Тогда в Париже другой писатель — Амфитеатров — издавал журнал «Красное знамя». Журнал настолько же шумный, насколько и безвредный В этом журнале Горький и напечатал свое вымышленное quasi-сатирическое интервью с царем Николаем II, замечательное как образец низкой бестактности. Задача была: кровавый тиран — и смелый певец из народа. Вышло: отсутствующий помещик — и беглый дворовый раб, заочный ругатель.
Вслед за тем и в том же «Красном знамени» Горький обнародовал свой манифест к Франции. Смысл его был таков: «Добрые французы, не давайте русскому царю взаймы денег, он ими погасит разгорающуюся русскую революцию, а вы ведь первые революционеры на свете».
Очевидно, как иногда молодым матерям кидается обильное молоко в голову, так и Горькому залила мозги секундная хмельная слава. Иначе он такой глупости не сделал бы. Он, вообще, человек совсем не глупый; наоборот, даже с дальновидной хитрецой.
Корректура этого манифеста случайно попалась на глаза хозяину типографии, многоопытному, проницательному и не лишенному юмора еврею.
Он принес Амфитеатрову гранки и спросил:
— Это писал ваш знаменитый Горький?
— Да. А что?
— Ну, конечно, великим людям простительны маленькие промахи. Но нужно быть абсолютным дураком, чтобы таким образом обращаться к французскому мнению.
— А, по-вашему, как же?
— Пусть бы он сказал и доказал, что царь не заплатит долга с процентами. Весьма вероятно, что его голос был бы услышан. Но… революция в России. Это для французов так же все равно, как государственный переворот в Гонолулу или народное восстание на Марсе.
И правда. Истерический выкрик русского писателя не произвел никакого впечатления.
Зная и чувствуя это, Горький разрешился новым плевком. «Плюю тебе в лицо, прекрасная Франция, плевком, полным желчи и крови…» и т. д.
Здесь дело не в Горьком и не в его верблюжьей склонности плеваться. Ни Вандомская колонна, ни статуя Свободы в Нью-Йорке не обратили особенно большого внимания на это оскорбление действием. Когда английского короля вели на плаху, какой-то негодяй из толпы плюнул ему в лицо. «Наверное, ты плюнул бы и в глаза своей матери», — сказал король-мученик.

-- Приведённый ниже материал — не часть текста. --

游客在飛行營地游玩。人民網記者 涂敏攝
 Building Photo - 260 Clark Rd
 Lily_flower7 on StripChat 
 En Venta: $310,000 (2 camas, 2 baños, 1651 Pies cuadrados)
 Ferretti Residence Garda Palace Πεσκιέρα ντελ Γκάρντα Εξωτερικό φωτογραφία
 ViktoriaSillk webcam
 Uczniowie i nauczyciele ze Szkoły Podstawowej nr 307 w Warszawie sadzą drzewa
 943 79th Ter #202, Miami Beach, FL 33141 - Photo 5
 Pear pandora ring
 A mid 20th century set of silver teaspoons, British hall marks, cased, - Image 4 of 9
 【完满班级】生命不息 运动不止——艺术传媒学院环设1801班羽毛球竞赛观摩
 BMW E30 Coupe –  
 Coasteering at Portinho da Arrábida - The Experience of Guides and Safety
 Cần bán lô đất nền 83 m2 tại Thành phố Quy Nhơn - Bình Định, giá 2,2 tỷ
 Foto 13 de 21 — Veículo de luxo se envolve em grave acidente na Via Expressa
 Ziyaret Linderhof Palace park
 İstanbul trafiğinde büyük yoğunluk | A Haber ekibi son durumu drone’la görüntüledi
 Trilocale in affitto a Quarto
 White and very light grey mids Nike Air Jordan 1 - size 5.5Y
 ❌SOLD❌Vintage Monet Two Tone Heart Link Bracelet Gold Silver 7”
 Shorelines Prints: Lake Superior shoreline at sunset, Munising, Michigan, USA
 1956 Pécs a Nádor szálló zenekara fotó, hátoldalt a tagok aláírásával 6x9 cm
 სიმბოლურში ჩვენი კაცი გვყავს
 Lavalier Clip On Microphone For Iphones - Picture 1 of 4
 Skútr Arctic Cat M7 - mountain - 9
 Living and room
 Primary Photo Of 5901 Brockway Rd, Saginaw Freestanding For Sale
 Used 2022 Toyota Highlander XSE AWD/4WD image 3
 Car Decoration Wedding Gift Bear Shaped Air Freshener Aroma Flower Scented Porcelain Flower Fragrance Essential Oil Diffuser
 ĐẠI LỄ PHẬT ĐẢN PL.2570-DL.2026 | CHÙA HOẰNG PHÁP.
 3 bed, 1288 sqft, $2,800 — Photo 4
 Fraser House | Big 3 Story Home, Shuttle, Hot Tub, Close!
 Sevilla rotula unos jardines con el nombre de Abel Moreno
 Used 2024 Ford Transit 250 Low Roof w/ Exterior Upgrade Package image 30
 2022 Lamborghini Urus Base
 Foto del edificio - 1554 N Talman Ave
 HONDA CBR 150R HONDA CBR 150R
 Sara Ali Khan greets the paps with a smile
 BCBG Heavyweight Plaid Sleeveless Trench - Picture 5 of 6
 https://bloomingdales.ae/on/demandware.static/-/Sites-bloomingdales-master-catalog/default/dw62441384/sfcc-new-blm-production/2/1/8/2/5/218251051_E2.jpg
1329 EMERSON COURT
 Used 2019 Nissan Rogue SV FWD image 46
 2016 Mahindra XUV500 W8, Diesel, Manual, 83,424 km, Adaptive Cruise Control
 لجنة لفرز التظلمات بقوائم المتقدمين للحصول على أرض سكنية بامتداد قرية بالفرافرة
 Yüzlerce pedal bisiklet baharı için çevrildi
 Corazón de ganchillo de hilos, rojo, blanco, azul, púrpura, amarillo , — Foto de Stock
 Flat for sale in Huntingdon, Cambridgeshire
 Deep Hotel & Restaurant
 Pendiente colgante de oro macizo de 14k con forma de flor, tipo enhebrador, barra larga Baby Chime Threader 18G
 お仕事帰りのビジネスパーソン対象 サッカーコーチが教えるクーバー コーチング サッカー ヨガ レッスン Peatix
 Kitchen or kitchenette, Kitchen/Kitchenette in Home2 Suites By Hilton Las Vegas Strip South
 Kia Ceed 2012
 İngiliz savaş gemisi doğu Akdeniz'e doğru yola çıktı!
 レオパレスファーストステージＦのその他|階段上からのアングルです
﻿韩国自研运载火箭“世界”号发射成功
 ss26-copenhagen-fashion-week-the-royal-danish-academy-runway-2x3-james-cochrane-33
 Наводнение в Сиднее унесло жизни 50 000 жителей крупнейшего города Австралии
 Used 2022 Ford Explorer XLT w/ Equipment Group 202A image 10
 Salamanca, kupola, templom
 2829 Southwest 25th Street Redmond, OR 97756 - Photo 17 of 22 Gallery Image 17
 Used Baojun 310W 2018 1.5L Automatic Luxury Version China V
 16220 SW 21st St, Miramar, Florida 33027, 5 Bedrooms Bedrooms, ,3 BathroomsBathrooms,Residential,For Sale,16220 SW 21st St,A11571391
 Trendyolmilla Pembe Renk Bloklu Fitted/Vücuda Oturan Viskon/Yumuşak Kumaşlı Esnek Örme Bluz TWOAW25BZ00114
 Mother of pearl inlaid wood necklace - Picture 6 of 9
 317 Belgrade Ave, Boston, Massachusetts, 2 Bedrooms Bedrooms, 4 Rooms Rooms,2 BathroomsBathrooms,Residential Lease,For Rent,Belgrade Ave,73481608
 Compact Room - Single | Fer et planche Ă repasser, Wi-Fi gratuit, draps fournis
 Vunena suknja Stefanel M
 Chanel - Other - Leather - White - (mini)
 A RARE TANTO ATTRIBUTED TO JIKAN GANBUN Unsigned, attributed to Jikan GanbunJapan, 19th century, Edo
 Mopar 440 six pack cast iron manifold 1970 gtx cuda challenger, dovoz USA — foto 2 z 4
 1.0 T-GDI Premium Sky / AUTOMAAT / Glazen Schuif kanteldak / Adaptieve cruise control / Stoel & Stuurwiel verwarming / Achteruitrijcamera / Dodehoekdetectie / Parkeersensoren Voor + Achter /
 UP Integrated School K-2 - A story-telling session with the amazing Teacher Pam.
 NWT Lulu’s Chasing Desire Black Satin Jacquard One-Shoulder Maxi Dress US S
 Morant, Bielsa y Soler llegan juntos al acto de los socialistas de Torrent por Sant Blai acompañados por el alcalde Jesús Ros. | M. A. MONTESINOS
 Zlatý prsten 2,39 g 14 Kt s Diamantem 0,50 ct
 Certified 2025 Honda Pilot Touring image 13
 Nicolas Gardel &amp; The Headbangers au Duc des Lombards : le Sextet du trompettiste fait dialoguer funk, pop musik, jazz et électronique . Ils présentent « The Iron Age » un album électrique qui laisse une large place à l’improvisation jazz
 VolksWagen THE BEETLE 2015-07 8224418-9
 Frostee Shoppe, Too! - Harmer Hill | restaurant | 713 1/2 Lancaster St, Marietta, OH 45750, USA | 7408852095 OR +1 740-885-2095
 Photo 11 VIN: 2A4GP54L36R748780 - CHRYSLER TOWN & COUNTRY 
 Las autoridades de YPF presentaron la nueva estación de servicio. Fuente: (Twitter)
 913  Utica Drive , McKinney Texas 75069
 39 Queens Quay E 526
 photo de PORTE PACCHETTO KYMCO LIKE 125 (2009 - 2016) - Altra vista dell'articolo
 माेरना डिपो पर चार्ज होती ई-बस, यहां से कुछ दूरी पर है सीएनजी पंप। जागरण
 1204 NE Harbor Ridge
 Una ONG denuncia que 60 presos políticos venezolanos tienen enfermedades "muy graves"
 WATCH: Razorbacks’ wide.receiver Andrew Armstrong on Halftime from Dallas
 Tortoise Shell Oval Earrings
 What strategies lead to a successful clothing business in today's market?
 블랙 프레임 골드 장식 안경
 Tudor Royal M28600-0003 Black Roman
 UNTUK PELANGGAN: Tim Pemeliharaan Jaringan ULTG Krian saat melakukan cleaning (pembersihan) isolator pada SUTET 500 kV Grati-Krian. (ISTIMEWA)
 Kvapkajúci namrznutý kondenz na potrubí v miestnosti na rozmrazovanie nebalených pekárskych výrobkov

Своевременно Горький сделал и это, признавшись публично в своей ненависти и в своем презрении к «так называемой родине». Малограмотный — он сослался при этом на печальные слова Пушкина: «Черт меня догадал родиться в России с умом и талантом». Кто же еще так страстно и нежно любил Россию, как не Пушкин? И значит: о Горьком все. Извиняюсь, что отвлекся в сторону.